*** Source data ***
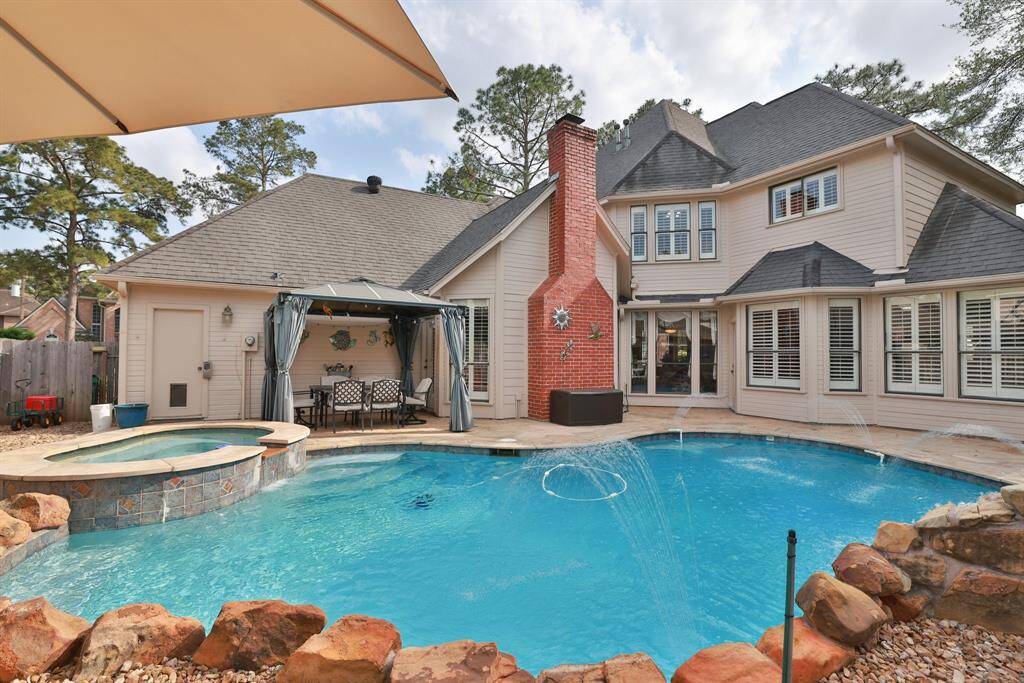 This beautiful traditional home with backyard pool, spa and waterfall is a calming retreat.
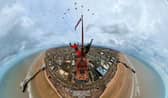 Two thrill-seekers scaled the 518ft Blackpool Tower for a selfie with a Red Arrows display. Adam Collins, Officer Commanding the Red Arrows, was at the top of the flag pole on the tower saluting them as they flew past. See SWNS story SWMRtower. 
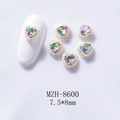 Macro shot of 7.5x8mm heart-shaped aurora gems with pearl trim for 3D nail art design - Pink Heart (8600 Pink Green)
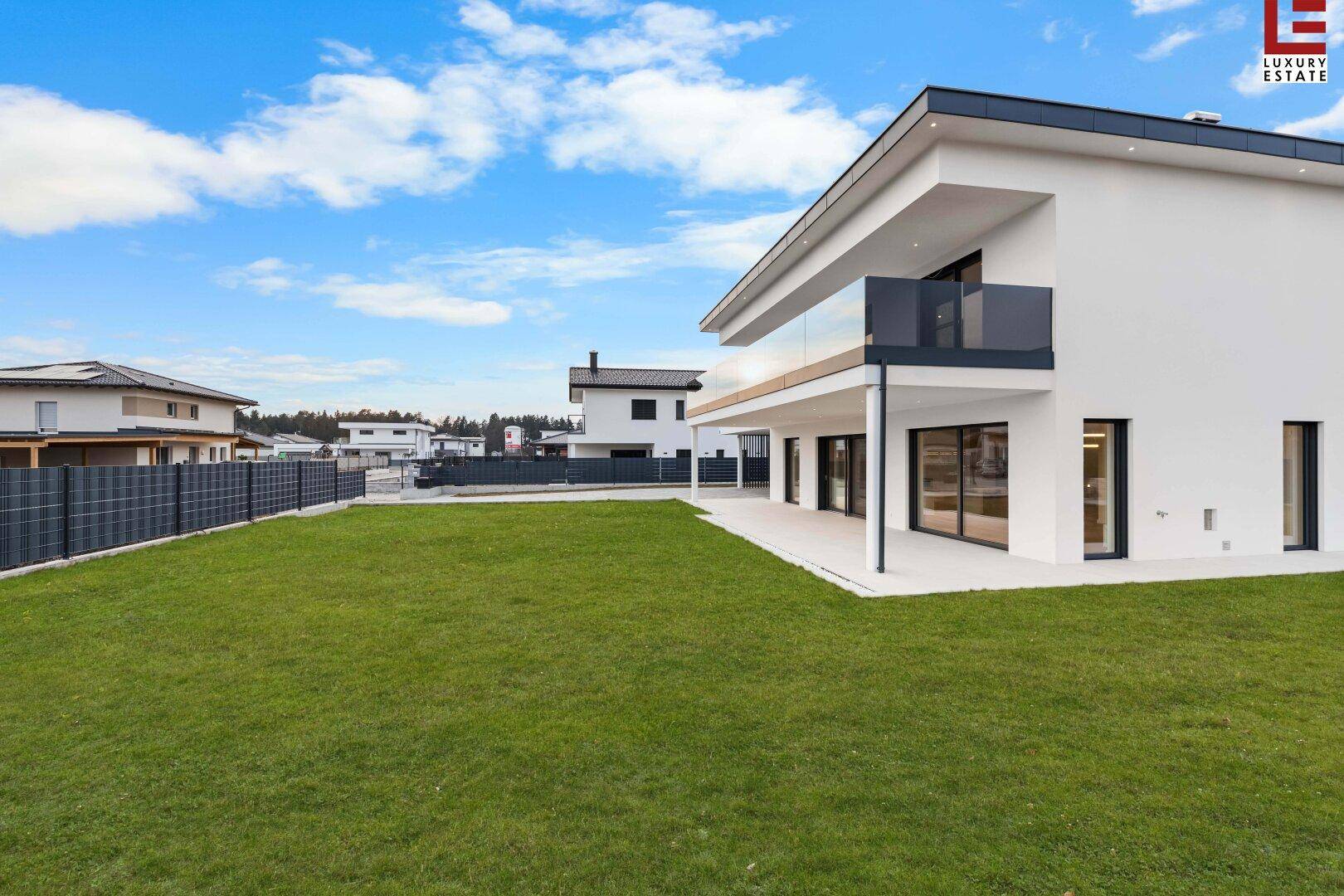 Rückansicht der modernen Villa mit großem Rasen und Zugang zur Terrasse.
*** End of Source data ***
### Requirement
Print out all the material above exactly as it appears, omitting the images.

### Reply
 This beautiful traditional home with backyard pool, spa and waterfall is a calming retreat.
 Two thrill-seekers scaled the 518ft Blackpool Tower for a selfie with a Red Arrows display. Adam Collins, Officer Commanding the Red Arrows, was at the top of the flag pole on the tower saluting them as they flew past. See SWNS story SWMRtower. 
 Macro shot of 7.5x8mm heart-shaped aurora gems with pearl trim for 3D nail art design - Pink Heart (8600 Pink Green)
 Rückansicht der modernen Villa mit großem Rasen und Zugang zur Terrasse.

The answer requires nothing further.